Once we have chosen a projection, it's time to add features, like bodies of water and country, to our map. To request a particular feature, we use the `.natural_earth_shp()` method, which tells _cartopy_ what data it should download from [Natural Earth](https://www.naturalearthdata.com/downloads/) and how to plot it.

For example, 
```
ax.natural_earth_shp(name="lakes",
                     resolution="110m",
                     category="physical", 
                     facecolor="skyblue")
```
tells _cartopy_ to download the `lakes` data from the [1:110m resolution physical vectors](https://www.naturalearthdata.com/downloads/110m-physical-vectors/) and to color the lakes skyblue.

In [0]:
ax = plt.axes(projection=ccrs.Mercator())
ax.coastlines()

In [0]:
ax = plt.axes(
    projection=ccrs.LambertConformal(
        central_latitude=39,
        central_longitude=-96,
        standard_parallels=(33, 45)
    )
)

ax.coastlines()

In [0]:
ax = plt.axes(
    projection=ccrs.LambertConformal(
        central_latitude=39,
        central_longitude=-96,
        standard_parallels=(33, 45)
    )
)

ax.natural_earth_shp(name="lakes",
                     resolution="110m",
                     category="physical", 
                     facecolor="skyblue")
ax.natural_earth_shp(name="ocean",
                     resolution="110m",
                     category="physical", 
                     facecolor="skyblue")

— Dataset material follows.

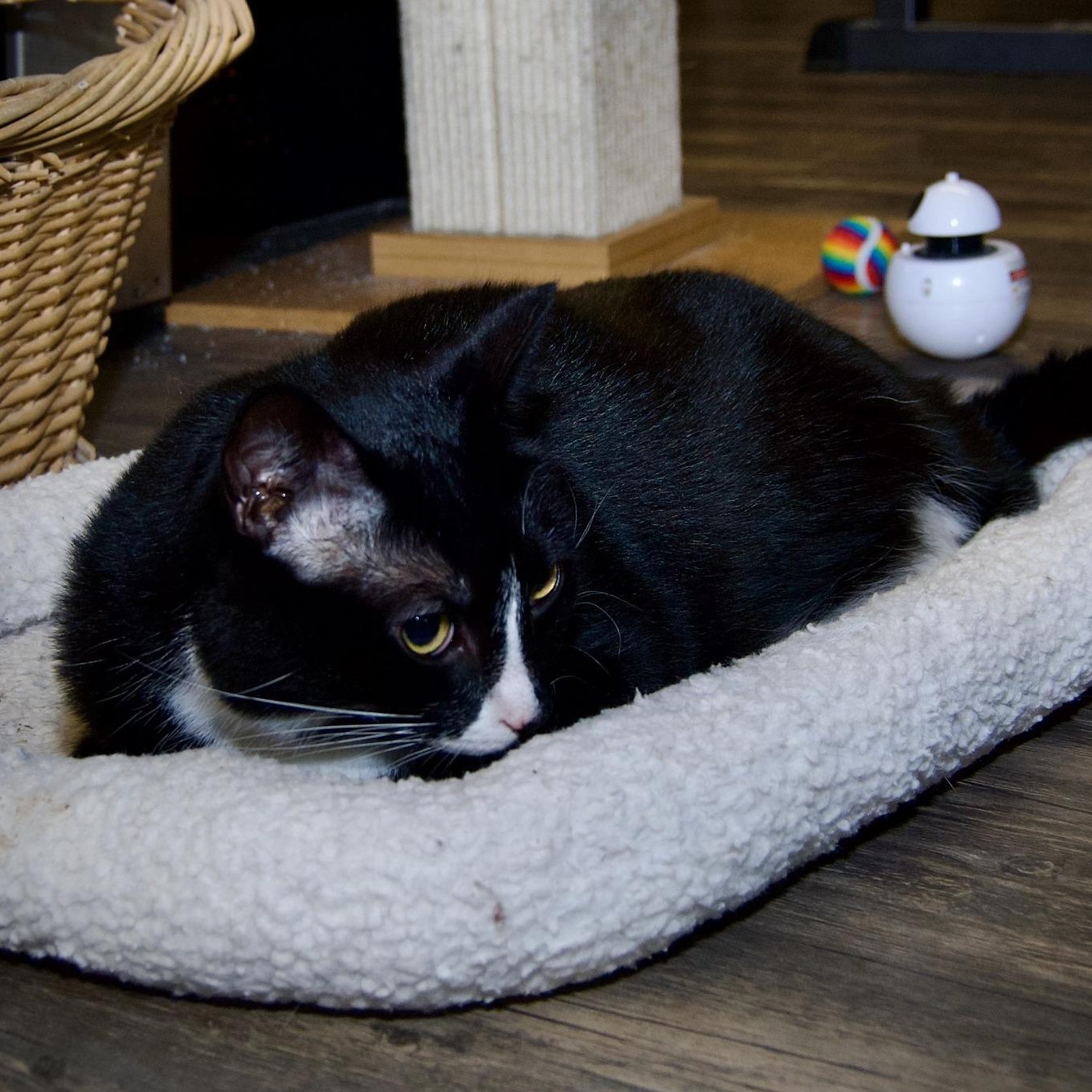 Remy, a Adoptable Tuxedo in East Amherst, NY image 4/6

# To see that the name should be admin_0_countries, note that the URL is
# https://www.naturalearthdata.com/download/110m/cultural/ne_110m_admin_0_countries.zip
ax.natural_earth_shp(name="admin_0_countries",
                     resolution="110m",
                     category="cultural", 
                     facecolor="None", edgecolor="black")

# This sets the x- and y-axes limits
ax.set_extent([-125, -66.5, 20, 50])

Natural Earth provides other data, including states, provinces, land, and coastlines. A complete list can be found [here](https://www.naturalearthdata.com/downloads/).

# Exercises

1\. The latitudes and longitudes of 7322 world cities are contained in `https://dlsun.github.io/pods/data/worldcities.csv`. Find the 15 closest cities to St. Louis, as measured by Euclidean distance and Haversine distance. Do you notice any differences between the two lists?

2\. Make a map of Europe with country borders. (You will need to fiddle with the boundaries of the plot until it looks right.) Try different projection methods to see how they differ.